Isto não é propriamente um blogue. É apenas um espaço para expandir trabalhos que, pela sua dimensão, tornem fastidiosa a sua leitura no Memórias.

domingo, 2 de novembro de 2008

Os Aduladores da Gravata

O insucesso no condado

Afonso Henriques, o primeiro régulo deste nosso condado, por birra, por avidez, zangou-se com o avó e com a mãe e quis governar ele este povoléu tacanho e adverso ao belle esprit. Como o Minho é pequeno até para os que cá vivem, quanto mais para os que vêm, atirou-se para sul a conquistar as terras da mourama. Espetou a lança em Lisboa e disse: «Aqui agora mando eu!». E esta frase foi passando de boca em boca pelos seus sucessores até agora. E parece que ainda é uso dizê-la...
É por uma pesada pedra em estado de desintegração do muro deste condado que invitarei a seguir os raciocínios e os factos que se seguem.
Há cerca de dois anos fez-se um estudo exaustivo da instituição ensino em vários países do mundo: africanos, asiáticos, americanos e europeus. Portugal foi um dos países da lista. Chamou-se ao programa Literacy, ou, em português, Literacia. Seleccionaram-se algumas escolas espalhadas por todo o território nacional, meio urbano, província, interior, ilhas. Dos alunos escolheu-se um back-ground razoável, de vários extractos sociais e culturais. Fizeram-se testes aos alunos no domínio da escrita, da leitura e da compreensão textual. Os resultados saíram este ano (1993) e são muito piores do que se esperava: Portugal está no fim da lista.
90% dos jovens que saem da escolaridade obrigatória não lêem livros nem jornais e, nos testes, revelaram total incapacidade para compreender um simples enunciado escrito. 50% dos alunos que seguem os estudos nas universidades revelaram grandes dificuldades na escrita e na compreensão textual. Procuram-se razões, bodes, expiatórios. Estes são, como sempre, os professores, porque o aluno, coitadinho, não pode aprender o que não lhe ensinam. E agora, cada vez mais, por uma política de poupança e de aparências, os jovens saem do ensino obrigatório quase analfabetos. Nada se exige deles e, para obrigar os professores a passar aqueles que não atingiram os objectivos mínimos, sobrecarregam-se com burocracia. Poupando por um lado, gasta-se pelo outro: toneladas de papel são dispendidas em cada período no preenchimento inútil de fichas de avaliação que ninguém lerá e que em nada contribuirão para a recuperação dos alunos.
O importante é que a UE pense que cá no condado não há insucesso! E para iludir as estatísticas, inventam-se novas avaliações, novos programas, novas carreiras docentes a cheirarem a mofo.
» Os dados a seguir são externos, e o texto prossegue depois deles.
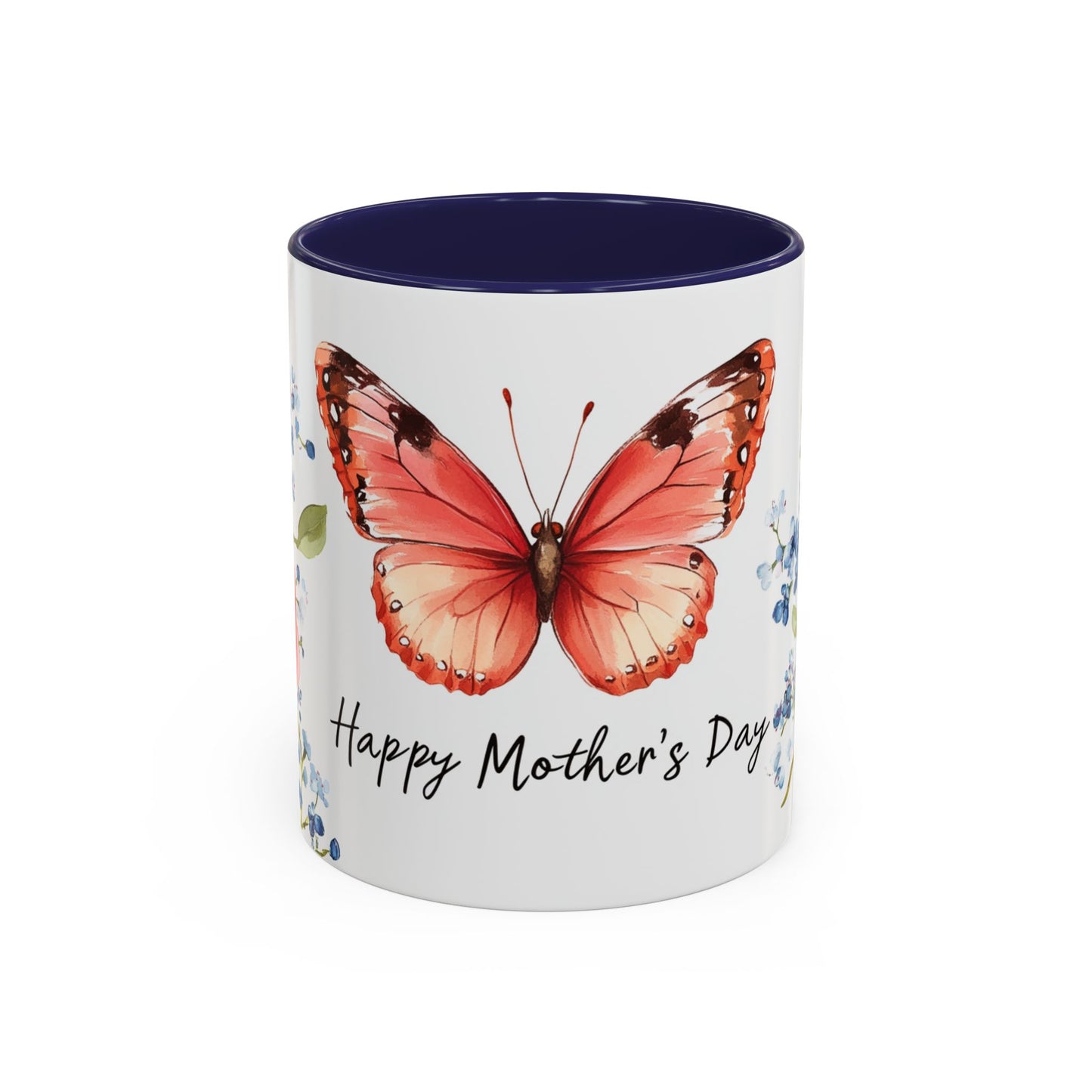Mother's Day Butterfly Floral Coffee Mug – "Happy Mother's Day" Accent Mug
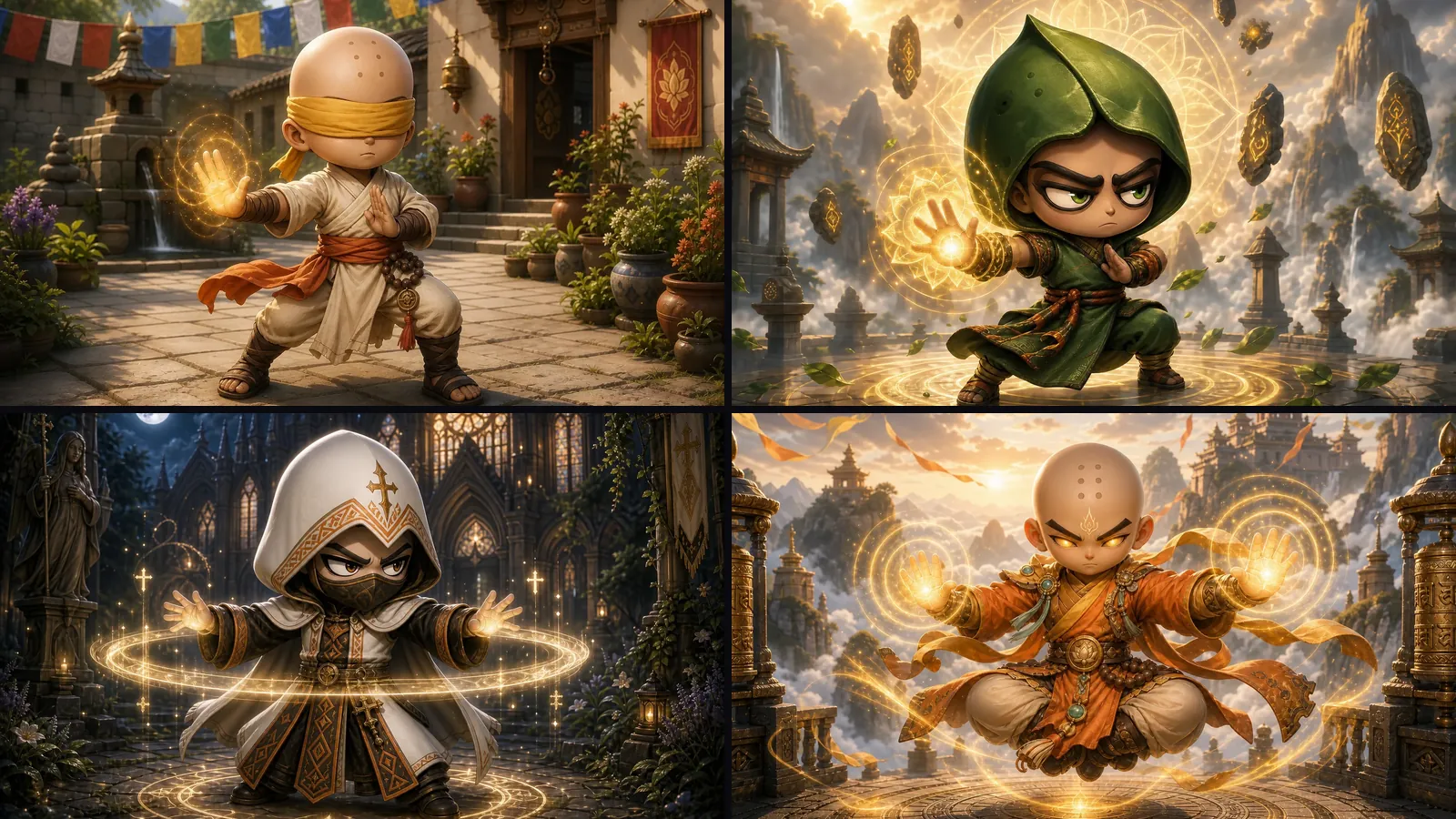 Four Triara healers in a mosaic of cards
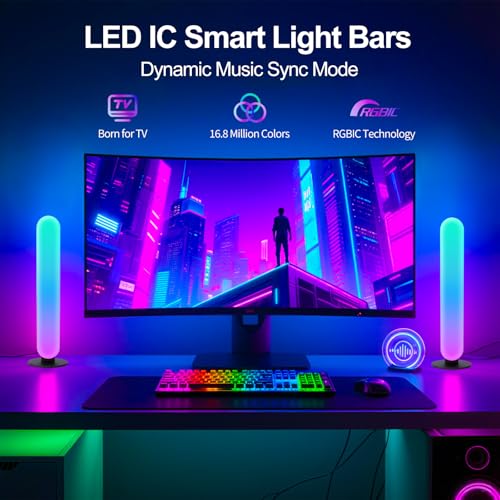 TRIPLE RABBIT RGB Light Bar,Smart LED Light Bar for Room,16 Million Colors,Three Control Modes,Dynamic Music Sync Mode,213...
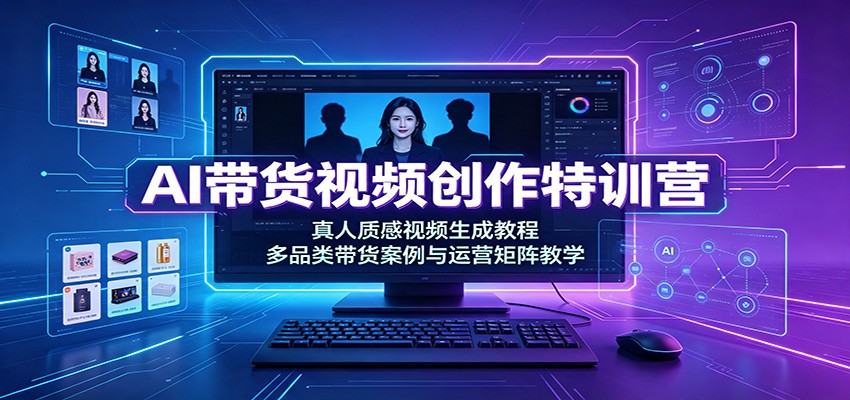 AI带货视频创作特训营：真人质感视频生成教程，多品类带货案例与运营矩阵教学-海桐网创
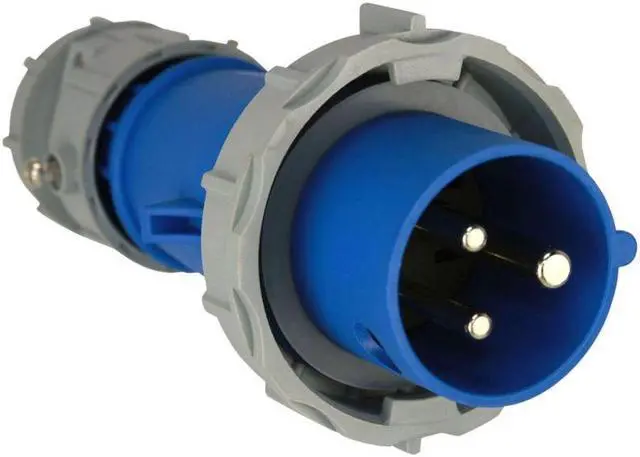 Alt view image 2 of 3 - (case of 5) EATON Arrow Hart AH320P6W Pin and Sleeve Plug, 20A 250V, Extra Heavy-Duty, #12, #10 AWG, back wire, blue, nickely plated brass, grounding, 3 wire, two pole, male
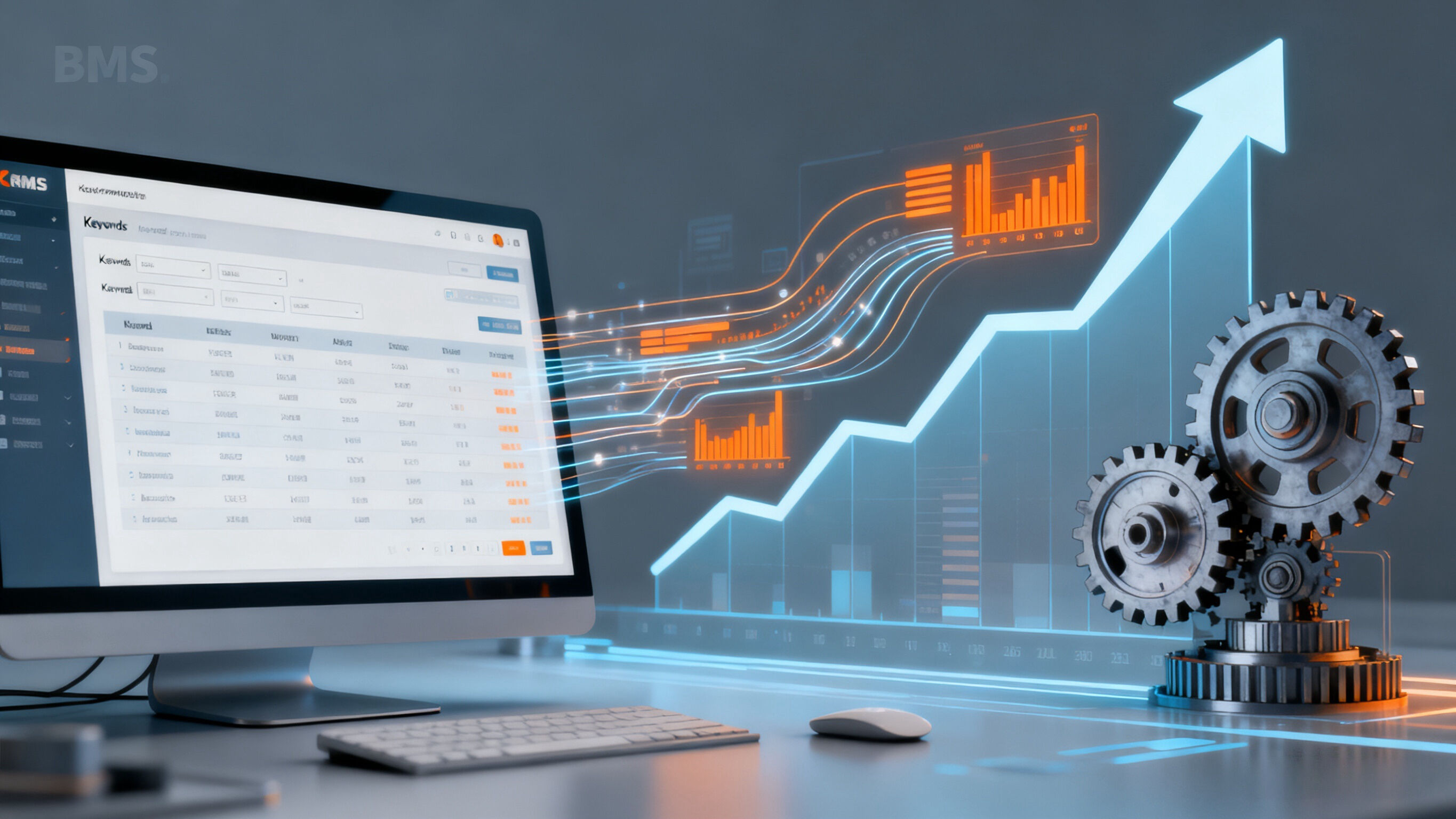 展现科技感场景，电脑显示关键词数据，搭配上升箭头与齿轮，凸显 BMS 在 SEO 与业务增长的助力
E não se pensa que o insucesso possa estar em casa de cada criança, de cada jovem. Os milhares que se esbanjam a pagar a técnicos
e pedagogos para se reformularem sistemas de ensino impossíveis, porque não gastá-los na dignificação das famílias com menos recursos? Porque o insucesso escolar começa em casa, na má situação económica e na ignorância dos pais, no desacompanhamento e no abandono a que as crianças são votadas em casa.
Aventam-se hipóteses para o grande sucesso do ensino na Finlândia (aquele país ao lado da Suécia). Há grande estabilidade económica, cultural e afectiva na maioria das famílias. As que possam ter dificuldades são acompanhadas por psicólogos e ajudadas financeiramente pelo Estado. Os professores, coisa importante, não podem leccionar enquanto não tiverem o Mestrado. (Aqui no condado, qualquer bicho careta com o 11º ano já é professor. E temos até, advogados a darem Português, engenheiros de Construção Civil a darem Matemática, meninas da Alliance Française e meninos do Instituto Britânico a darem Francês e Inglês, sem terem uma noção do que é a pedagogia.) E depois são os emolumentos. Na Finlândia um professor ganha muito bem, sem ter de se preocupar em arranjar biscates.
Quantos professores neste condado, para «ganharem mais algum», não montaram uma boutique, uma loja de electrodomésticos, não são angariadores de seguros? E, claro, a ida à escola, o contacto com os alunos torna-se, por absurdo, um passatempo. Porque a verdadeira vocação deles é o comércio. E quantas vezes esse comércio começa nos muros da escola!... A sala de professores torna-se, assim, num estendal de langerie feminina, servindo ao mesmo tempo de boutique, ourivesaria e loja de miudezas.